Achamos que nada disso é verossímil, e que eleger Boulos, tal como foi eleger Lula, é apenas um avanço dentro de uma luta maior, que é a luta de classes. São passos extremamente importantes, mas o trecho nos diz que a Tese 3 não os vê assim. A posição da Tese 3 é de que, mais do que passos importantes, as vitórias eleitorais são os nossos objetivos, e que a disputa que ocorre dentro dos palácios de governo é a mais importante — as ruas, por sua vez, devem ser ocupadas como forma de conquistar governabilidade. Uma “governabilidade a quente”, como definem es camaradas no texto da Tese 3. Infelizmente, adicionar “a quente” não muda a posição defendida, que é a de colocarmos como nosso objetivo a governabilidade dentro do Estado burguês.

Mas a Tese 3 não tem alternativa senão colocar a perseguição ao MTST como parte da disputa eleitoral. Não tem alternativa, porque Boulos sentou com Datena para negociar a posição de candidato a vice-prefeito na chapa, e Datena é um propagador da violência policial e do ódio às periferias. Se a violência contra os movimentos sociais for estrutural, não é justificável que Boulos considere formar uma chapa com Datena. Isso só é justificável se essa perseguição for causada pelo campo que se opõe eleitoralmente ao PSOL: campo do qual Datena, caso fosse vice, deixaria de fazer parte.

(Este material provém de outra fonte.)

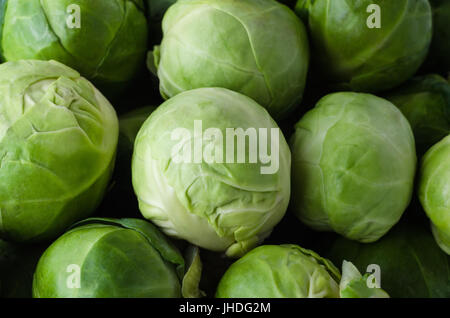 Overhead shot of multiple brussel sprouts, piled together and filling frame. Stock Photo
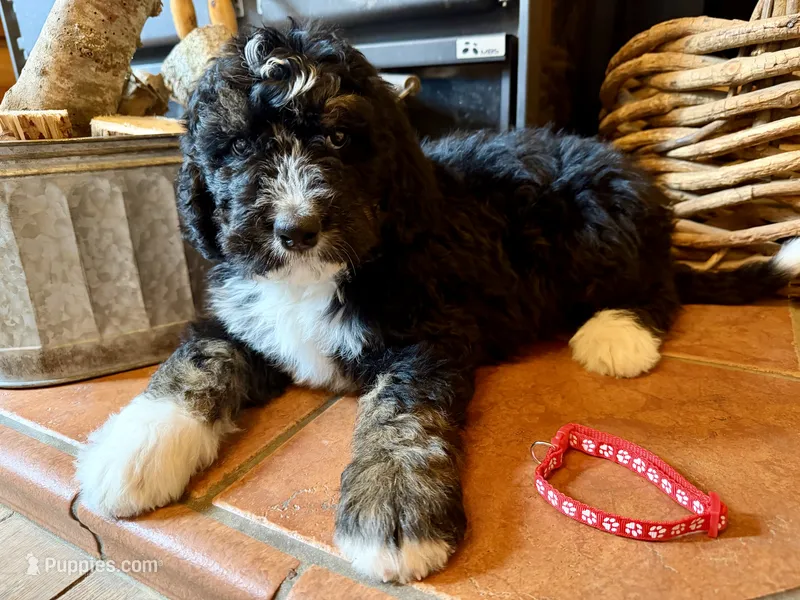 Red Male  – Bernedoodle puppy for sale in Coeur d'Alene, ID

Boulos dialoga com Datena, mas não com a base de seu próprio partido. Ele não esteve presente em nenhuma plenária do Congresso do PSOL até o momento, nem mesmo naquelas que ocorreram dentro de ocupações do MTST. Queremos Boulos prefeito, mas queremos que o prefeito Boulos seja um representante do movimento social, e não um representante de uma burocracia partidária. Se a Tese 2 e a Tese 3 têm em comum a luta para eleger Boulos, a Tese 3 parece localizar essa luta em mesas de negociação entre siglas eleitorais. Nós, da Tese 2, localizamos essa luta nas ruas.

Acreditamos ser daí que vem o adesismo ao governo Lula presente na Primavera Socialista e na Revolução Solidária. As eleições e os cargos são colocados no centro da política. Os movimentos sociais e a luta de classes, como ferramentas para essa disputa. Enquanto meras ferramentas, têm tanto valor quanto as outras ferramentas da disputa eleitoral, que são as alianças com partidos da ordem e as negociações programáticas. Foi esse fetiche pela gestão do Estado burguês que transformou o limitado, porém combativo PT dos anos 1980 no partido que é hoje, avesso à disputa nas ruas, parte integrante do corrupto e repressivo regime burguês e, por tudo isso, visto com desconfiança por uma ampla parte da classe trabalhadora.

As correntes do campo majoritário, ao defender a Tese 3, fazem por vezes pouca questão de esconder essa visão adesista, como se demonstra pelas tristes falas de Paulo Búfalo, vereador na cidade de Campinas, que por mais de uma vez defendeu que o PSOL não só deve compor o governo Lula, como já o compõe para “disputá-lo por dentro”. 

Enquanto setores como a Resistência cumprem o papel de dar uma roupagem de radicalidade às políticas da Tese 3, são o texto da tese e as falas da Primavera Socialista e da Revolução Solidária que demonstram qual é a política que será verdadeiramente levada a cabo com a vitória dessa tese. Essa política muitas vezes fica escondida atrás de um discurso de que não integraremos o governo e nem chamaremos confiança nele, mas sim que conformaremos uma “Frente Única” (mesmo nesse discurso, a política defendida é muitas coisas, mas não uma Frente Única em seu sentido histórico) com o PT contra a extrema-direita.

Essas falas de Paulo Búfalo, assim como o trecho da tese que aborda a perseguição aos movimentos sociais, colocam a verdadeira posição à vista. As negociações de cargos e apoios, a transformação do PSOL em um partido da ordem e em uma sigla eleitoral: são essas as políticas que a Tese 3 busca levar a cabo.